Don’t forget about: John Crews
Outside of the 2021 trip to the St. Johns, John Crews’ resume here is solid. He has a pair of Top 10s, a few middling finishes and a few in-between. Last year, he caught a giant on Day 1 but struggled to find a limit on Day 2 which found him below the cut. He is a salty veteran now, so you can bet he won’t let that happen twice. He loves topwater, flipping, cranking and sight fishing, all of which will be employed during this tournament.
BUCKET C: NEW
It’s hard to look past someone who is batting 1000 in Florida. Bryan New won his very first Florida event in the Bassmaster Opens back in 2020 and quickly followed it up in his debut Elite tournament in 2021 with a win on the St. Johns River. He had a slow first day, dropped two 20-pound bags and wrapped it up with a massive 26-plus pound bag on the final day to win by nearly 10 pounds. His primary approach was flinging a lipless crankbait and flipping emergent vegetation, both of which may play. However, his real strength is his unbelievable ability to read the conditions and adapt, which in Florida is a must. The weather will likely change a dozen times during the event, and New should be able to stay in front of the fish.
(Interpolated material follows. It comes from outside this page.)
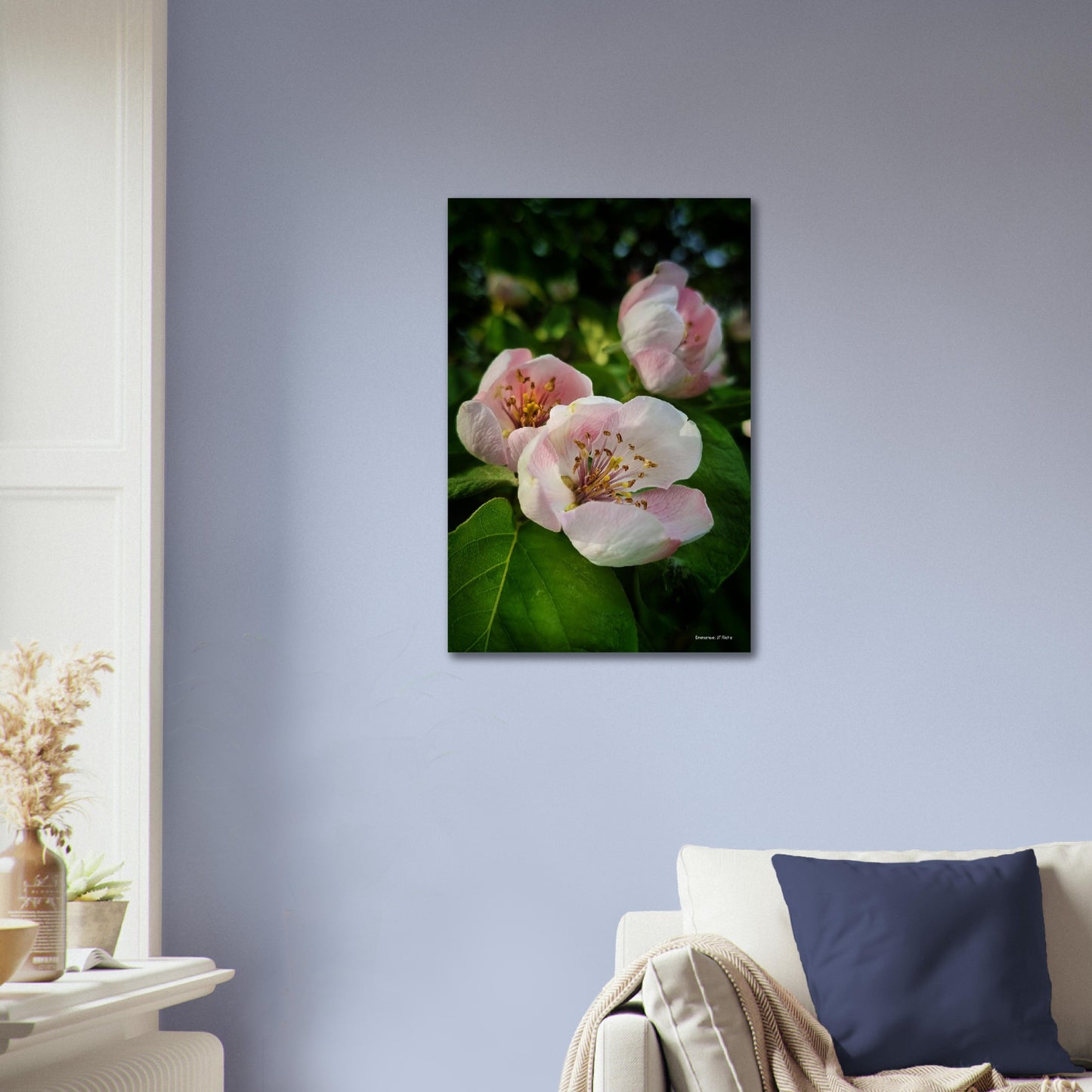 Fleurs de coing - Papier poster Premium Semi-Glossy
Don’t forget about: Scott Martin
It’s hard to tell what happened last season during the St. Johns River event for Scott Martin, a well-known Florida hammer. If you follow his YouTube channel, you got to see how it all unfolded. From the outside looking in, it seems like the pressure of being a high-profile, bass fishing veteran who was new to the Elites, fishing in his home state may have gotten to him. That will be a key change for Martin this year as he has adjusted to his new jersey logo and found a home with Bassmaster. He made the Classic in dramatic fashion, squeaking in via a double-qualified Cory Johnstonl, and having that monkey off his back should give him the breathing room to come out swinging.
BUCKET D: PRINCE
There’s no sense in getting creative for this bucket. Like Hackney, Cliff Prince has a great mix of history and strengths when it comes to this fishery. Expect him to know a few extra little secrets as he is a resident of the host city Palatka, Fla. Apparently, that is no secret regarding Fantasy Fishing as nearly half of the bets are on him, but it wouldn’t be surprising if he were to finish highest in this bucket. He has seven recorded B.A.S.S. events here and has finished in the single digits in nearly half of them. His worst finish was a 56th back in 2014. He is as surefire a bet as there is this far down in the buckets, and there’s no way I’m missing the bus.
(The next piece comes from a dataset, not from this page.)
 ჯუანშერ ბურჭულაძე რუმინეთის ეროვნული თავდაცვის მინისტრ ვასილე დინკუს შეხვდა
Don’t forget about: Mark Menendez
It would be hard for me to bet two pennies I find on the sidewalk against Cliff Prince, but if I were going to, they would go in the direction of Mark Menendez. He has been around the game a long time and may have slipped in 2020, but that is certainly not the norm. Back in 2019, he nearly won here flipping and throwing spinnerbaits, ultimately finishing third to Clunn. Last year he redeemed his 2020 showing with a fifth-place finish on a very different version of the St. Johns River.
BUCKET E: DAVIS
Bucket E proves that lightning can strike at any time. In 2016 and 2019, the ultimate winner of both St. Johns events was the legendary Rick Clunn, and it went down in the record books as the only back-to-back venue winner in Elite Series history. In 2020, Paul Mueller, who had never earned higher than 62nd place here, won on a magic stretch and has since not finished above the 60s. Both of those anglers were likely in Bucket E at the beginning of the season. This time around, my pick to get struck is Clent Davis. He has been around the Elites since 2016 and has improved with each showing. In 2021, he finished 20th, and I’m convinced he has something figured out about this fishery.
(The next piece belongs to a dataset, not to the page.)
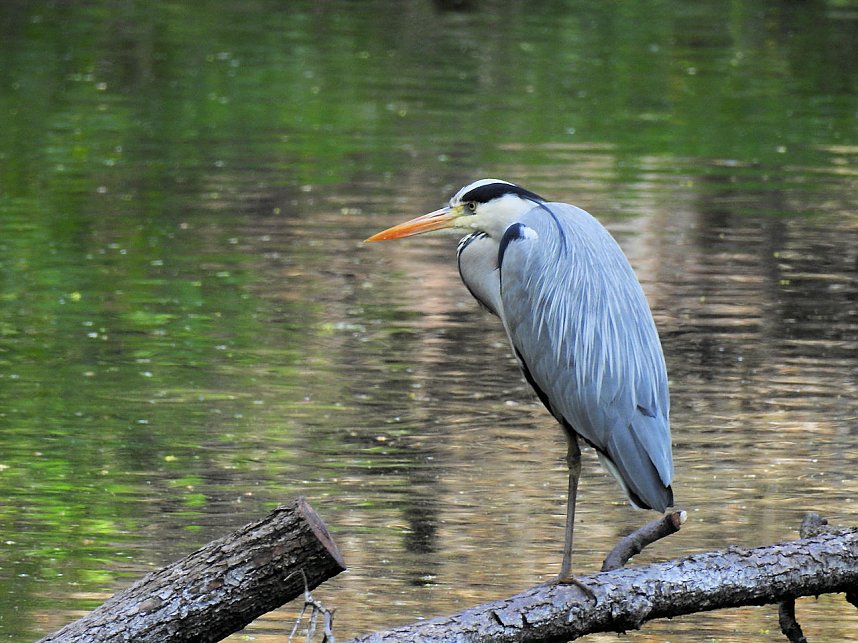 Kunstteich Ballenstedt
Don’t forget about: Rick Clunn
Everything in me wants to see Rick Clunn win again. The fact that his name has now come up half a dozen times in this article says something to that end. As stated above, he has two wins here among his numerous attempts since the mid-1970s. Peppered throughout his accolades are a slough of great finishes. His 99th-place finish last year has me nervous to pick him, but this place fits his old-school style. He could absolutely shock everyone and win again, but then again, would that really be that big of a shock?
Drain the Lake
Now onto season two of the Mercury Bassmaster Drain the Lake Challenge. This additional fantasy fishing variant not only offers a fresh way to play the game, but an entire second chance at awesome prizes. For a quick recap, it’s best to bracket out your anglers as much as possible early in the season in an attempt to place them where you think they’ll do the best. For example, you may think someone like Lee Livesay may have a great chance to do well here, but if you place him on your roster here at the St. Johns River, you won’t be able to use him on Lake Fork later in the season.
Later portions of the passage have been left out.